### [What is required]
Everything from the line containing "BEDLA VLNATÁ (Lepiota" to the last line of the material below must be retyped exactly, both ends included; skip the pictures.

### [Records supplied]
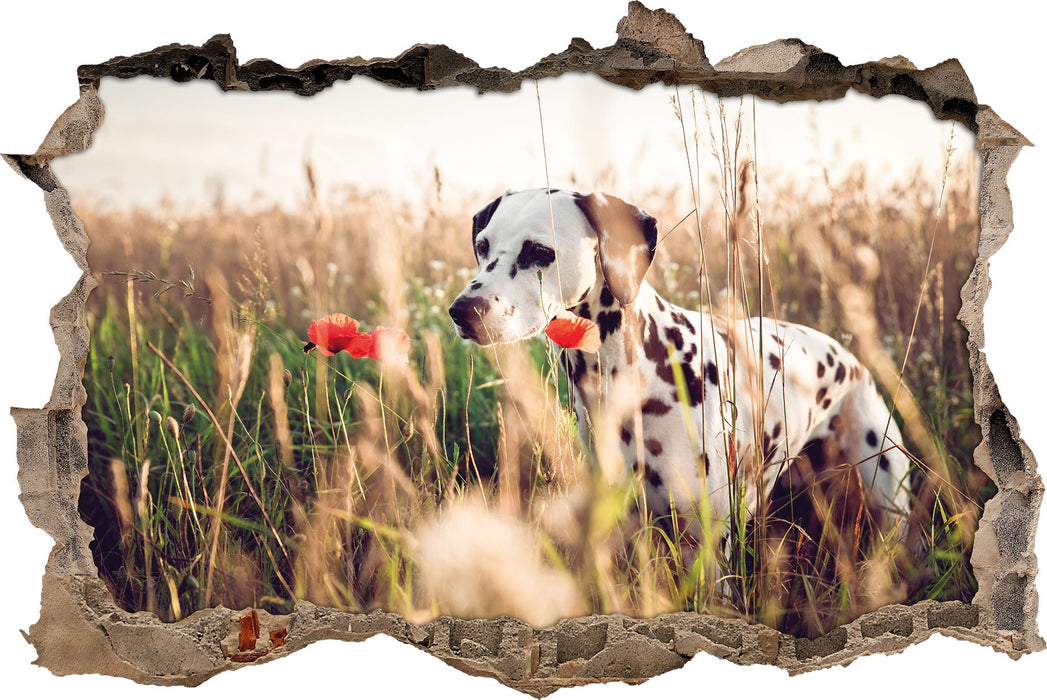 Pixxprint Neugieriger Hund im Feld, 3D Wandtattoo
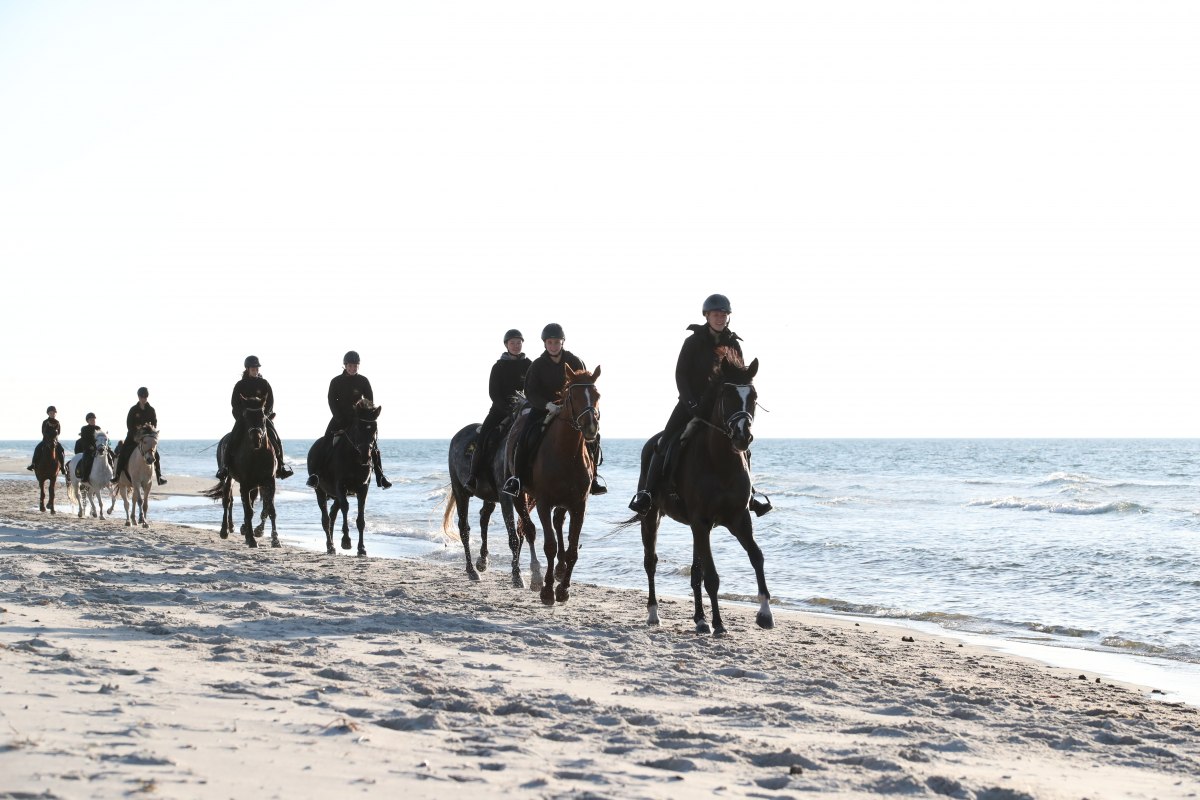 Reiten am Strand, © TMV/ACP Pantel Reiten am Strand, © TMV/ACP Pantel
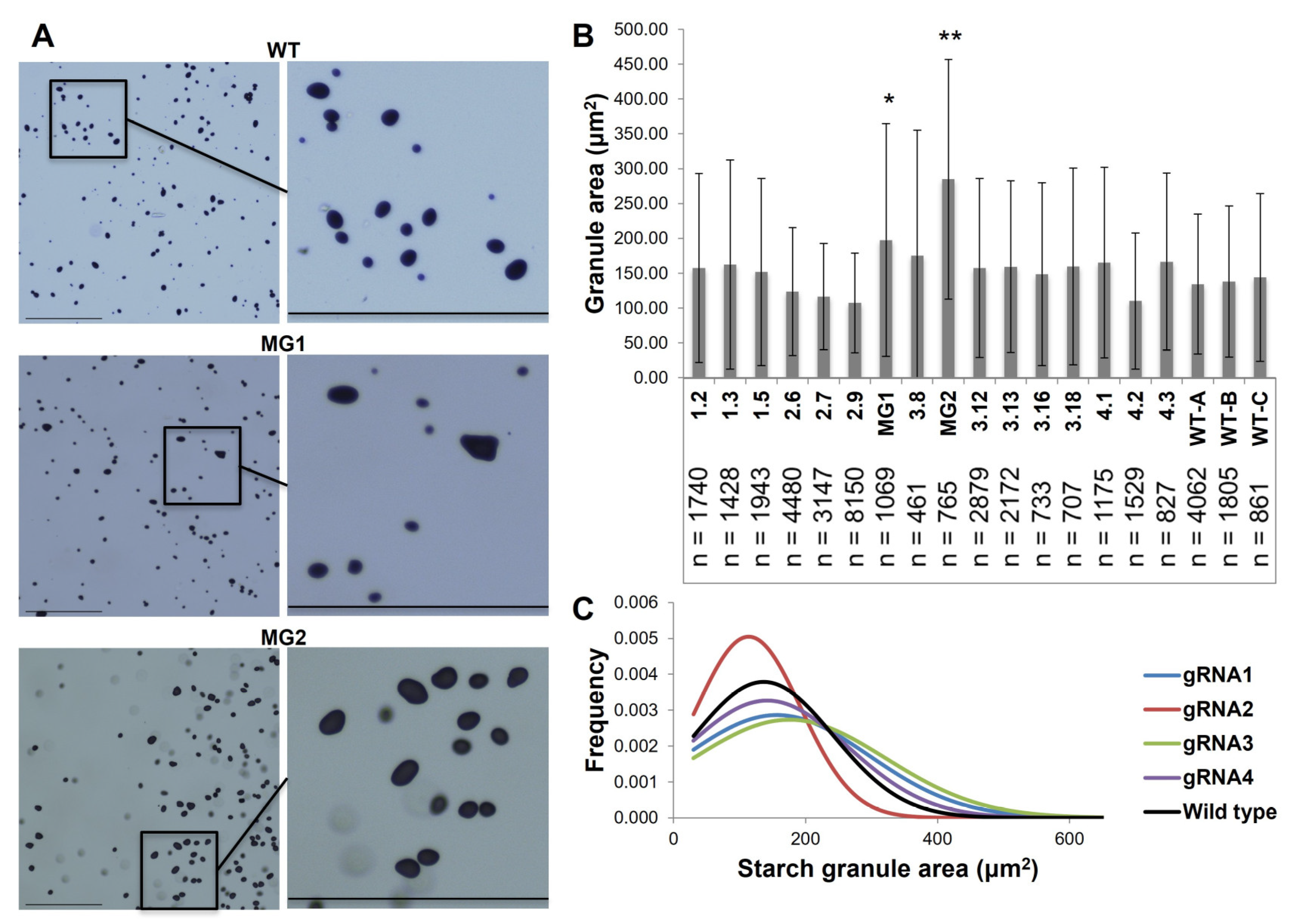 Plants 12 01878 g002
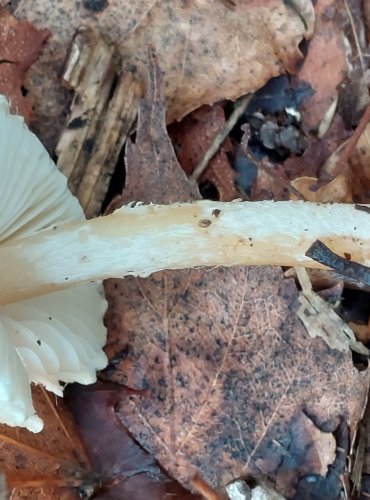 BEDLA VLNATÁ (Lepiota clypeolaria) FOTO: Marta Knauerová, 2022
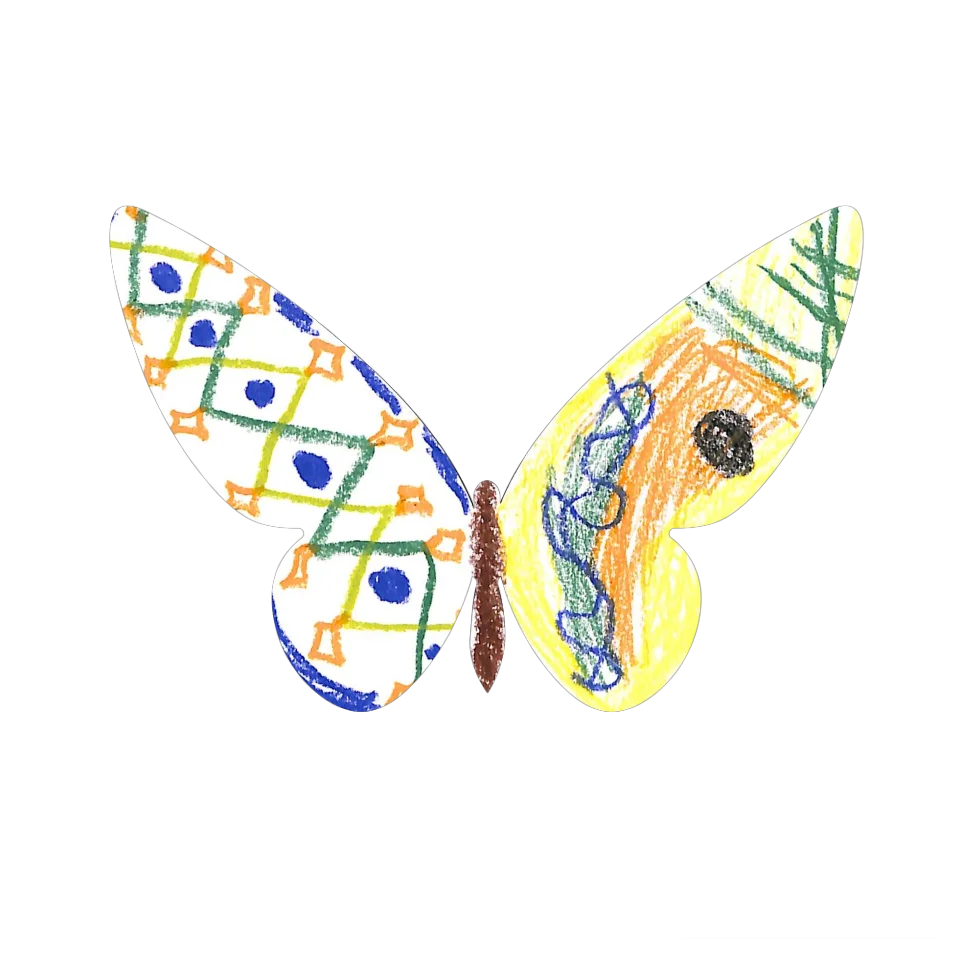 Original Butterfly Image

### [Answer for the task]
 BEDLA VLNATÁ (Lepiota clypeolaria) FOTO: Marta Knauerová, 2022
 Original Butterfly Image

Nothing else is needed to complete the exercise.